[Opening INFORMATION GIVEN section]
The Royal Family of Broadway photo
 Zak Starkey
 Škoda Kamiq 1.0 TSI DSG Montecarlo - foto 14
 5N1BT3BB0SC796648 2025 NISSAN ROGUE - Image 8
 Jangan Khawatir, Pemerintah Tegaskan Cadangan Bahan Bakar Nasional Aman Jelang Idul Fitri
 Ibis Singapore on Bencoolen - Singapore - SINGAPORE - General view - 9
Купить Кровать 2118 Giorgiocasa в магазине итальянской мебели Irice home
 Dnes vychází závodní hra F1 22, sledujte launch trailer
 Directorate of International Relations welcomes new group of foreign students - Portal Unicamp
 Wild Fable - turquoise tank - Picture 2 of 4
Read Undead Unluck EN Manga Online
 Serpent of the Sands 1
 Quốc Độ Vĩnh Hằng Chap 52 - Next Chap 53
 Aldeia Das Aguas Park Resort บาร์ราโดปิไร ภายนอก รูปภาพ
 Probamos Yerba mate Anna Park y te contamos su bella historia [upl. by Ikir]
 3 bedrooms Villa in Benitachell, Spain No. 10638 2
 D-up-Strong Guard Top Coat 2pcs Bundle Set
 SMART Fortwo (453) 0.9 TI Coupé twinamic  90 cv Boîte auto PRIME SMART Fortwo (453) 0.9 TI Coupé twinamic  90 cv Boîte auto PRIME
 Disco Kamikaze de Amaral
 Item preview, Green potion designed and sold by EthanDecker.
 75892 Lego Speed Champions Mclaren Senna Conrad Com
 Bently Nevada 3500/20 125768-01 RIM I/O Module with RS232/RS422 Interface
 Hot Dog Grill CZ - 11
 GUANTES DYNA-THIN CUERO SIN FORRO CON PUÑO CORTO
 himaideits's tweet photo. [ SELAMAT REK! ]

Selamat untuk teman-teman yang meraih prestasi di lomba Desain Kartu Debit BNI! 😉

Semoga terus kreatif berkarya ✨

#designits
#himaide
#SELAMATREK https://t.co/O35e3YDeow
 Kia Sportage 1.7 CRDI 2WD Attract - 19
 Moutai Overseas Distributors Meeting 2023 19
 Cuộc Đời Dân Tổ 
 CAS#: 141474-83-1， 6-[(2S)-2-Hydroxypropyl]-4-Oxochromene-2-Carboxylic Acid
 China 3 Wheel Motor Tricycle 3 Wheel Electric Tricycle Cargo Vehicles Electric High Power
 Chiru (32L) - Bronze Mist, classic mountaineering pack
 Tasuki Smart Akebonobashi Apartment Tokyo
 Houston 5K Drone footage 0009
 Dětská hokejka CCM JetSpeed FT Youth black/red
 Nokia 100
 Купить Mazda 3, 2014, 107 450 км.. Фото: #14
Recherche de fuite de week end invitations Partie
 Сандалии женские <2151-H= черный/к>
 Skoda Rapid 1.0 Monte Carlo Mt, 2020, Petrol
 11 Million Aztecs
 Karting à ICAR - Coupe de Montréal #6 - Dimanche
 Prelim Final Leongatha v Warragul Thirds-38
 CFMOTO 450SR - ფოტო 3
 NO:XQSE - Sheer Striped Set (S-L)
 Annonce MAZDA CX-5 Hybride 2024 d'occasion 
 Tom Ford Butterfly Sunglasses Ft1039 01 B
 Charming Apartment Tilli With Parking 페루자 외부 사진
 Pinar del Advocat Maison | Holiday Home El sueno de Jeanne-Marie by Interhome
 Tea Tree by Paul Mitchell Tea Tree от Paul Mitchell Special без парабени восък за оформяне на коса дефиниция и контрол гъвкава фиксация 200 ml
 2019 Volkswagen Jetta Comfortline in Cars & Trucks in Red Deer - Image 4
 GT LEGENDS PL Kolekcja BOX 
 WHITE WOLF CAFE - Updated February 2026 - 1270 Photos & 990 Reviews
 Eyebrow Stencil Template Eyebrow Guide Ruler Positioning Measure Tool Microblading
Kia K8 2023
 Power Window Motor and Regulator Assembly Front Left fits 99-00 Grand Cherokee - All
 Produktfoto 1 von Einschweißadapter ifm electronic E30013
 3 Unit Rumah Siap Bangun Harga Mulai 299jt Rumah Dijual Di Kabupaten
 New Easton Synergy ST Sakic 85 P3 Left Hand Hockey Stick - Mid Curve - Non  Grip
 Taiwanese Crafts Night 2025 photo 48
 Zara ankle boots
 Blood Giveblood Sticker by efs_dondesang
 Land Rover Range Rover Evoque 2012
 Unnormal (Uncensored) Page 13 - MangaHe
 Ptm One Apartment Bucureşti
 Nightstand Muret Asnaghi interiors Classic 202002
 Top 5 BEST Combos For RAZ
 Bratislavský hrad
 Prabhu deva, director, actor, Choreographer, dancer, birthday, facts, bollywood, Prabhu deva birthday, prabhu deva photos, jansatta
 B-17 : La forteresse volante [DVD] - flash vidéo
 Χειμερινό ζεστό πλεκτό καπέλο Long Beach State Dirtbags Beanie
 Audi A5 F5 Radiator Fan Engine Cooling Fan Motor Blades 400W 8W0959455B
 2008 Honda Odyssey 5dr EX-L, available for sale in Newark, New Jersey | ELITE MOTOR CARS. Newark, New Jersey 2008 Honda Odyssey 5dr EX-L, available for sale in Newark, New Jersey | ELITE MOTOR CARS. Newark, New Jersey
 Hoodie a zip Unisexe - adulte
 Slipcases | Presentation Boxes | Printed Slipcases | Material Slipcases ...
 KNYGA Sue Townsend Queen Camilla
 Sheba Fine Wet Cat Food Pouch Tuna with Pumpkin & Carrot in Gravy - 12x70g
[Closing INFORMATION GIVEN section]
** ABOUT THIS EXERCISE **
Retype only this portion of the data above: the line containing "Prelim Final Leongatha v Warragul Thirds-38", the line containing "Produktfoto 1 von", and all lines between them, exactly.

** RESPONSE TO THE TASK **
 Prelim Final Leongatha v Warragul Thirds-38
 CFMOTO 450SR - ფოტო 3
 NO:XQSE - Sheer Striped Set (S-L)
 Annonce MAZDA CX-5 Hybride 2024 d'occasion 
 Tom Ford Butterfly Sunglasses Ft1039 01 B
 Charming Apartment Tilli With Parking 페루자 외부 사진
 Pinar del Advocat Maison | Holiday Home El sueno de Jeanne-Marie by Interhome
 Tea Tree by Paul Mitchell Tea Tree от Paul Mitchell Special без парабени восък за оформяне на коса дефиниция и контрол гъвкава фиксация 200 ml
 2019 Volkswagen Jetta Comfortline in Cars & Trucks in Red Deer - Image 4
 GT LEGENDS PL Kolekcja BOX 
 WHITE WOLF CAFE - Updated February 2026 - 1270 Photos & 990 Reviews
 Eyebrow Stencil Template Eyebrow Guide Ruler Positioning Measure Tool Microblading
Kia K8 2023
 Power Window Motor and Regulator Assembly Front Left fits 99-00 Grand Cherokee - All
 Produktfoto 1 von Einschweißadapter ifm electronic E30013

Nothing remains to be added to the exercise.